Na semana passada, eu escrevi, e agora repito: “Se de um lado havia um líder de extrema direita ignorante, cercado de negacionistas e com uma base prenha de neonazistas, com estúpidos capazes de defender que a Terra é plana, idolatrar a ditadura militar, homenagear torturadores, reduzir a sexualidade ao azul e ao rosa, imitar o Goebbles, rejeitar a importância da vacina e da ciência e se contrapor aos essenciais movimentos afirmativos de minorias vítimas de preconceito, de outro há uma esquerda antissemita e burra, capaz de justificar um grupo fundamentalista islâmico terrorista e expressamente genocida que traz ao mundo, com palavras atuais mas não menos perversas, tudo o que o alto clero católico fazia e na Idade Média contra “hereges” em geral, judeus em particular (sempre nós!), homossexuais, mulheres e outras minorias, só que agora querendo implementar o obscurantismo por meio de um califado tão assassino e expansionista quanto desejava Adolf Hitler com suas teses assustadoras do arianismo, só faltando os símbolos da fogueira (na inquisição) e dos fornos (na solução final nazista) para serem exatamente o mesmo.”
Temos que ir contra o vento, as marés e o mainstream.
Sigamos!
A luta é justa, e o sábio Hillel, o “sábio dos sábios”, nos deu todas as letras em poucas palavras.
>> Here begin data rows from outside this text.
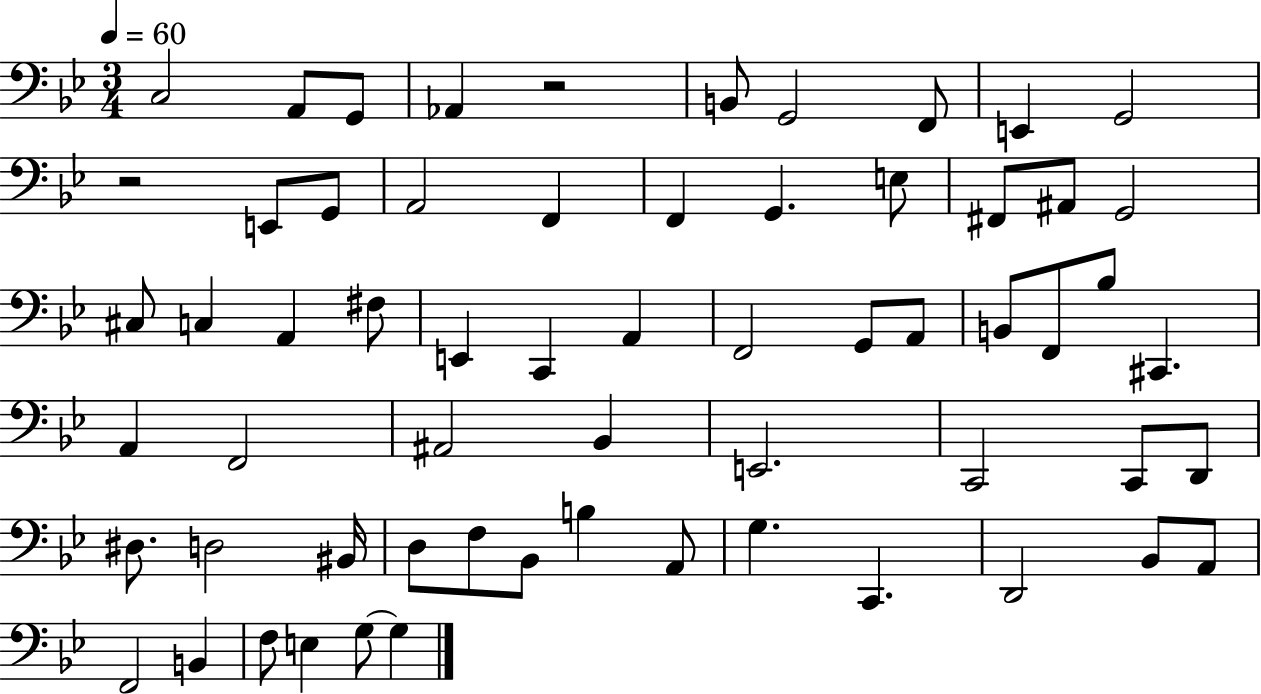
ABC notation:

X:1
T:Untitled
M:3/4
L:1/4
K:Bb
C,2 A,,/2 G,,/2 _A,, z2 B,,/2 G,,2 F,,/2 E,, G,,2 z2 E,,/2 G,,/2 A,,2 F,, F,, G,, E,/2 ^F,,/2 ^A,,/2 G,,2 ^C,/2 C, A,, ^F,/2 E,, C,, A,, F,,2 G,,/2 A,,/2 B,,/2 F,,/2 _B,/2 ^C,, A,, F,,2 ^A,,2 _B,, E,,2 C,,2 C,,/2 D,,/2 ^D,/2 D,2 ^B,,/4 D,/2 F,/2 _B,,/2 B, A,,/2 G, C,, D,,2 _B,,/2 A,,/2 F,,2 B,, F,/2 E, G,/2 G,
Se não fizermos, quem fará?
Logo, ao natural este espaço se tornou um bunker judaico.
Foi sem querer, mas acabou se impondo pela necessidade.
E cometerei uma inconfidência: tenho o maior apoio do meu queridíssimo amigo Luiz Fernando Moraes, o publisher da SLER, um homem sensível e bom, que, se vivesse na Europa dos anos 1930, certamente estaria entre os “justos entre as nações”, aqueles que tiveram a coragem e a personalidade de nos estender a mão. Muito obrigado, amigo. A luta continua!
…
Shabat shalom!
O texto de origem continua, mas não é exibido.